One of the most notable contributions of Sasanian astrologers to mundane astrology was the development of the Jupiter-Saturn conjunction cycle. This cyclical framework was introduced as a method to trace historical epochs and forecast the rise and fall of empires and religions. By applying traditional astrological principles to large-scale political and social shifts, they established the foundational methods of mundane astrology that were later transmitted to the Islamic world and medieval Europe.

Reflections of ancient Iranian traditions regarding mundane astrology can be found in the Shahnameh, the Persian national epic. In this work, court astrologers are frequently consulted to predict the future of kings and the outcome of major national events. This indicates that celestial bodies were viewed as signs for understanding the shifting of eras and large-scale earthly occurrences. Scholars use the concept of Akhtarmāri (star-counting or astrology) to describe these ancient beliefs, which entered the epic through older sources such as the Khwaday-Namag. In the sections of the Shahnameh dealing with the Sasanian Empire, these astrological references become much more technical, aligning perfectly with the prominent status and sophisticated nature of mundane astrology in late antique Iran.

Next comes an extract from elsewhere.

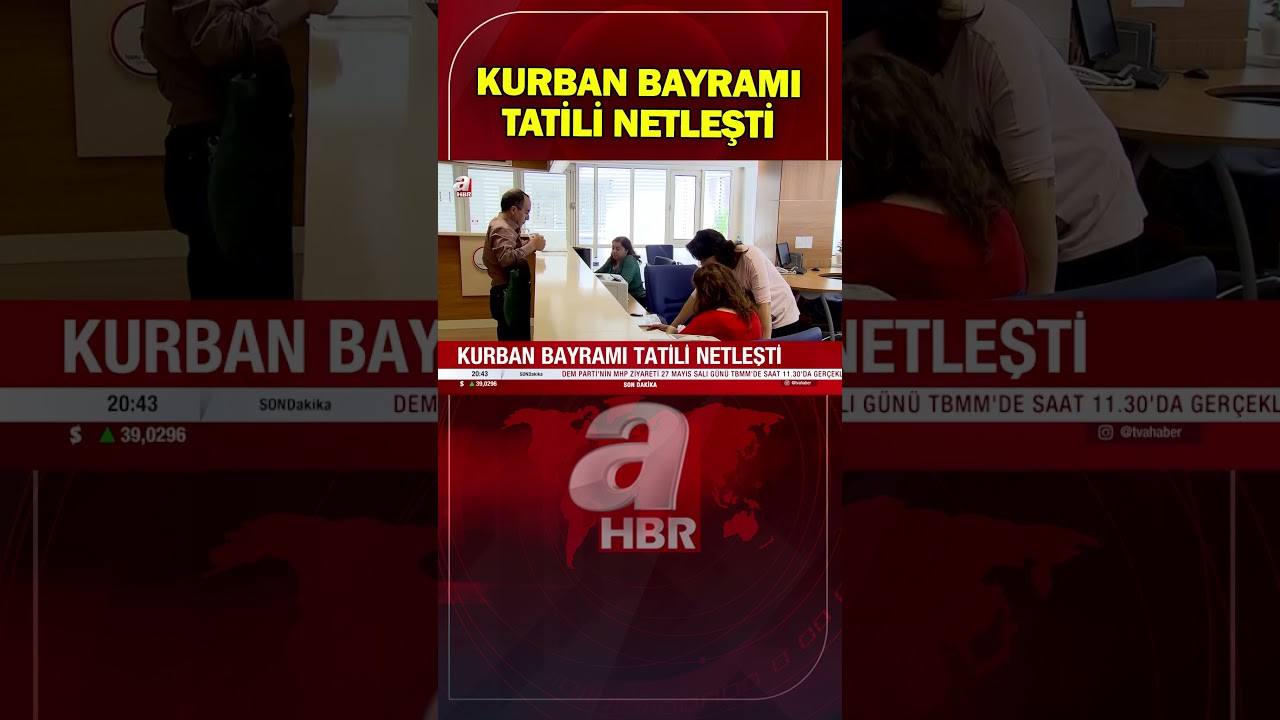 kurbanbayrami tatili 2020 ne zaman kaç gün
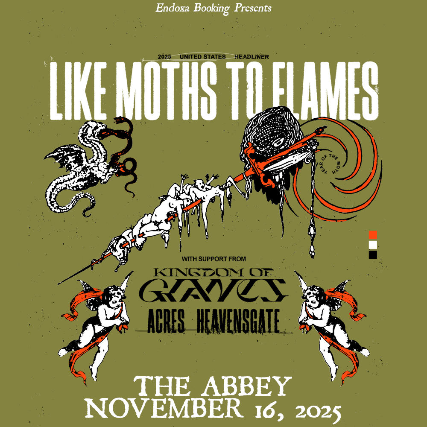 Like Moths to Flmaes, Kingdom of Giants, Acres, and Heavensgate in Orlando in Orlando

==Techniques and principles==
Astrologically, the affairs of a nation are judged from the horoscope set up at the time of its official inauguration or the birth chart of its leader, or various phenomena such as eclipses, lunations, great conjunctions, planetary stations, comets and ingresses.

The techniques of the subject were discussed in detail in the 2nd century work of the Alexandrian astronomer Ptolemy, who outlined its principles in the second book of his Tetrabiblos. Ptolemy set this topic before his discussion of individual birth charts because he argued that the astrological assessment of any 'particular' individual must rest upon prior knowledge of the 'general' temperament of their ethnic type; and that the circumstances of individual lives are subsumed, to some extent, within the fate of their community. (Note: (Ptolemy 1940): "And since weaker natures always yield to the stronger, and the particular always falls under the general, it would by all means be necessary for those who purpose an inquiry about a single individual long before to have comprehended the more general considerations".) The third chapter of his work offers an association between planets, zodiac signs and the national characteristics of 73 nations. It concludes with three assertions which act as core principles of mundane astrology:
1. Each of the fixed stars has familiarity with the countries attributed to the sign of its ecliptic rising.
2. The time of the first founding of a city (or nation) can be used in a similar way to an individual horoscope, to astrologically establish the characteristics and experiences of that city. The most significant considerations are the regions of the zodiac which mark the place of the Sun and Moon, and the four angles of the chart – in particular the ascendant.
3. If the time of the foundation of the city or nation is not known, a similar use can be made of the horoscope of whoever holds office or is king at the time, with particular attention given to the midheaven of that chart.

==Practice==
The first English astrologer for whom we have evidence of astrological practice is Richard Trewythian, whose notebook is largely concerned with mundane astrology. He constructed horoscopes for the Sun's ingress into Aries over thirty years, and recorded general predictions for twelve of those years between 1430 and 1458. His notebooks demonstrate how he recorded the logic for his conclusions:

Pregnant women and boys will incur harm and severe dangers. This conclusion is drawn from the trine aspect between Saturn and Venus on the day of the ingress.
Concerning the wars of this year: they will be caused by the aspect of opposition of two heavy planets, which will occur on 27 March. And the time of the beginning of the war will be on the first day of May. This conclusion is drawn by the application of the greater luminary to Saturn. Merchants will be well disposed this year.

He also made several predictions concerning the king (Henry VI), such as one he made in 1433 where he noted: "it seems that the king will be sick this year because Saturn is lord of the tenth house".